Friday, March 6, 2009

Watchmen

Opening night. It's rare I actually go to a movie on its opening night. Don't know why that is. Sure, for Star Wars and such I was there in line at midnight, but it's been a while for a Gordonian opening night. Tonight Eric, Dan, Sam (non-canine version), and I hit the theater for Watchmen, a film based on the riveting DC Comics graphic novel. The sa-weet trailer:



Wow.

Where to begin? A psychological treatise on child abuse, big brother, revenge, rape, mystery, and ends justifying the means. It's 1985, Richard Nixon is in his 5th term as president, and the "masks" have been banned since 1977. What's a retired crimefighter to do? Most reverted back into a life of citizenry except for Rorschach, a masked vigilante whose mask ever-evolves into an ink blot test.

The Comedian, a retired "mask", is killed. Conspiracy abounds. Is someone out to get the "masks"? Rorschach is pledged to find out, and other retirees are drawn into the fray.

The tension of the world builds as the Soviet Union invades Afghanistan. World War III is set to begin within a week, most pundits say. What's the use of hope and future when annihilation is imminent?

Dr.
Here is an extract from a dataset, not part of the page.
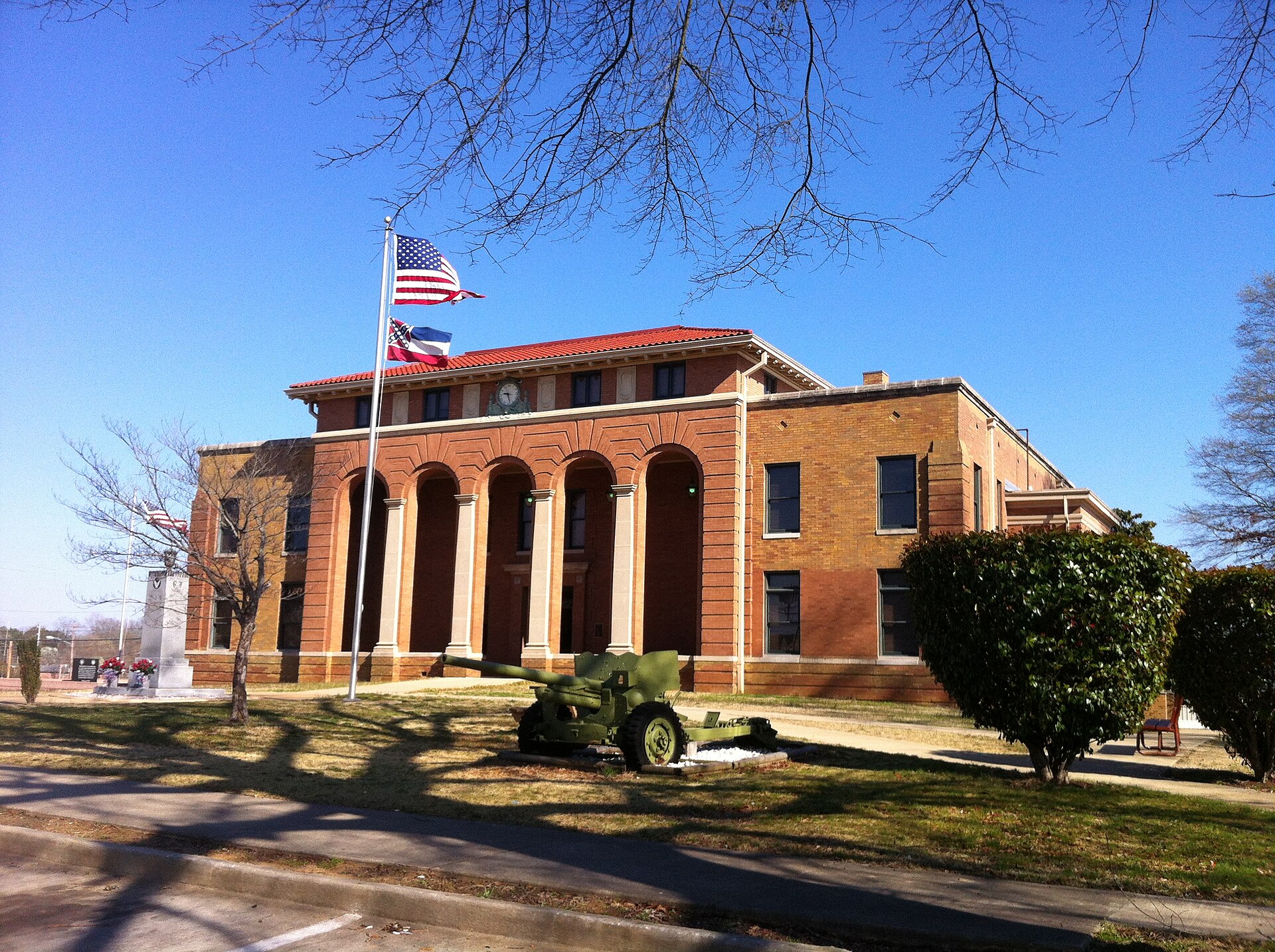 Prentiss County, Mississippi courthouse in Booneville, Mississippi, 23 Mar 2014.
Manhattan, an accidental mutant, is the superpower key the government holds dear. "We have superman, and he is an American." Is his mere existence enough to thwart nuclear holocaust from the Soviets, or could he actually push the world to the brink?

A complex story in the novel that tries as hard as it can to relay the literary intricacies onto the screen. A close to three hour marathon than seems to go by in a heartbeat. However, there are points where the story lulls, namely in relationships. Still, it's epic viewing with stunning visuals (including gratuitious frontal shots of a huge blue Dr. Manhattan penis).

A visual delight, a heavy plot, but the full intricacies and web of the story loses some on the screen. I guess a 12-chapter graphic novel can only be compressed so much into three hours.

I'm not griping. The $9 ticket was juuuuuust about worth it. A good score of Full Price Minus for me.

They were tossing out posters at the screening, rubber-banded together. Unlike any foul ball at any baseball game I've ever been to, I snagged a ricochet off someone's hands of stone. Each individual character had their own poster. On this very blog I will include the one of Silk Spectre II because, well frankly, she has a SWEET ass.